Sunday, June 16. Houston.

Packed at last, the day started at 3:30 a.m. driving Nathan to Hobby Airport to join members of his Scout Troop for a flight to Denver, drive to Philmont Scout Ranch and ten days trekking in the back country of New Mexico.

We decided to stay up when we got home, hoping that would help us sleep on our 4:10 p.m., nine hour flight to London. Hah.

After breakfast and church, Miranda drove us to Bush Intercontinental Airport. We breezed through security with the loss of only one oversized tube of shaving cream and were sitting in the waiting area in less than 20 minutes. About an hour before the flight, we heard our names called and went up to the desk wondering if we’d been bumped. Instead they upgraded us to premium economy — wider seats and more legroom. I’m not sure what we did to deserve it, but we didn’t argue.

As we waited, we watched thunderstorms blot out the view of the airport through the window, but we boarded on time and left only 30 minutes late.

Premium economy gave us a choice of meals, fancier headphones, and toothpaste, but what we really wanted to do was sleep. We didn’t really.

Monday, June 17. London and Nairobi.

Michelle shopping at Heathrow Terminal 3.

Eventually, the lights came on in the cabin. The very polite young attendant brought us breakfast. Bruschetta with cheese. Absolutely vile. Michelle began to feel queasy, the fasten seat belt light came on, and there were no air sickness bags in the seat back. That last half hour before we landed was a bit tense, but we landed, on time and with stomach contents intact.

A bus ride from Terminal 5 to 3, a pass through security (much politer in Britain than in Houston), and we emerged into the shop-lined waiting area. It didn’t seem all that different from any large US airport.

A couple of hours later we were aboard the British Airways flight to Nairobi — no upgrade this time, but also no air sickness.

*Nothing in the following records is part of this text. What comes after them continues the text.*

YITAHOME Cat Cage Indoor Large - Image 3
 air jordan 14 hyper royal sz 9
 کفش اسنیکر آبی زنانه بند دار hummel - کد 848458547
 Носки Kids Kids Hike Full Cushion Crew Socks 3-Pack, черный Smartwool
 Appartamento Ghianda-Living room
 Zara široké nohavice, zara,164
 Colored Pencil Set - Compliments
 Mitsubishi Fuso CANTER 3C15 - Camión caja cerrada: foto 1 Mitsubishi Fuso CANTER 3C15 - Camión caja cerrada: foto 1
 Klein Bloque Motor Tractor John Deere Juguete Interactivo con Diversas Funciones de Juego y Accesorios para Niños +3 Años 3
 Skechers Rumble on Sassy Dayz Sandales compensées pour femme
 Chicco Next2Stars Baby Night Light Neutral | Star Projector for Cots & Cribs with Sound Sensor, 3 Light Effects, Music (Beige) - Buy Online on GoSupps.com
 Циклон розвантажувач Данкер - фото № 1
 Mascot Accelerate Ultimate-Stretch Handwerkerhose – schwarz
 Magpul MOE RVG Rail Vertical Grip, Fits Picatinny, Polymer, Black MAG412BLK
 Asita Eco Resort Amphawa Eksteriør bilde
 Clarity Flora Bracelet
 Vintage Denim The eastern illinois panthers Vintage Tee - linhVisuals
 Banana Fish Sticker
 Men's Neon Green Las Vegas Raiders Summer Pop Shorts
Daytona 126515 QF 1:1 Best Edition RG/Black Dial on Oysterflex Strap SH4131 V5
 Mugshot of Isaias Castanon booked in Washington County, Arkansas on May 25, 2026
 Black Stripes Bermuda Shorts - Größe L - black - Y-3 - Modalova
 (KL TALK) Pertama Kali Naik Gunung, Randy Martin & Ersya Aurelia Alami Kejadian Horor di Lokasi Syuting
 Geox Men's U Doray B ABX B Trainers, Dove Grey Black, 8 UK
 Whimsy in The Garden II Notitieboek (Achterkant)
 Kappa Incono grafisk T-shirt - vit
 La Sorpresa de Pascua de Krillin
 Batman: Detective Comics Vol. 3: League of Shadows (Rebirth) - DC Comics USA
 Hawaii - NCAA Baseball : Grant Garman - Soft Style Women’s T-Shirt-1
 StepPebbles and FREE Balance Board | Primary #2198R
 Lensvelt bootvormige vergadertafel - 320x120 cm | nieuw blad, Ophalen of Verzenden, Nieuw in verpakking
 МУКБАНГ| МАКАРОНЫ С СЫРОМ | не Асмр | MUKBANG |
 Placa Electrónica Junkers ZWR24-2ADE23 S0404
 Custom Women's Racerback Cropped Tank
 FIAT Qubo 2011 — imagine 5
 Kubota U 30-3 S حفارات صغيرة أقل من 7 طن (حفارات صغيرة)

Finally, about 10 p.m. local time we touched down in Nairobi and descended the stairs to a bus that whisked us to immigration and customs. Within an hour we were through and met our smiling driver, Calisters.

It was dark as we drove so we didn’t get much of an impression of the area. All seemed to be going well until we were about a mile from the Rafiki Village. A front end loader blocked the road with a sign saying the road was closed until 3 a.m. Motor bikes were getting through, but not cars. Finally, Calisters gave the guard a small financial inducement and he let us through. We got to within a few hundred yards of the gate, but work crews were tearing the road up and there was no way through. So we parked and Calisters help us lug our baggage to the gate and through to the guest house.

It was not long until we were in bed.

Tuesday, June 18. Rafiki Village.

Tea outside Wageni House on our first morning.

Neither of us slept particularly well, and we were up by about 7. Michelle made tea and we sat on the bench outside the Wageni guest house, admiring the grounds and the cool weather and amazed that we were in Africa at last.

Elin, one of the permanent overseas staff, came by to welcome us and take us on a tour of the village. The most prominent building is the Kenyatta house which was the weekend getaway of Kenya’s first President, Jomo Kenyatta. It’s been beatifully restored. The ground floor is used for administrative offices and meeting rooms; the upper floor for a residence for one of the permanent staff and their family.

We strolled through the grounds meeting Elin’s husband, Paul, the headmaster of the school and Rachel, the Dean of the Music Institute.

The school was on a week-long break, so the only children here are the orphans who live in the cottages on the grounds. We ate lunch and dinner with one cottage — rice, beans, and chipati (a cross between a tortilla and naan) for lunch, so it was almost Tex Mex.

During the afternoon we made a number of fruitless attempts to connect with the internet and consulted with Paul who asked us to run the Thursday and Friday morning teacher training.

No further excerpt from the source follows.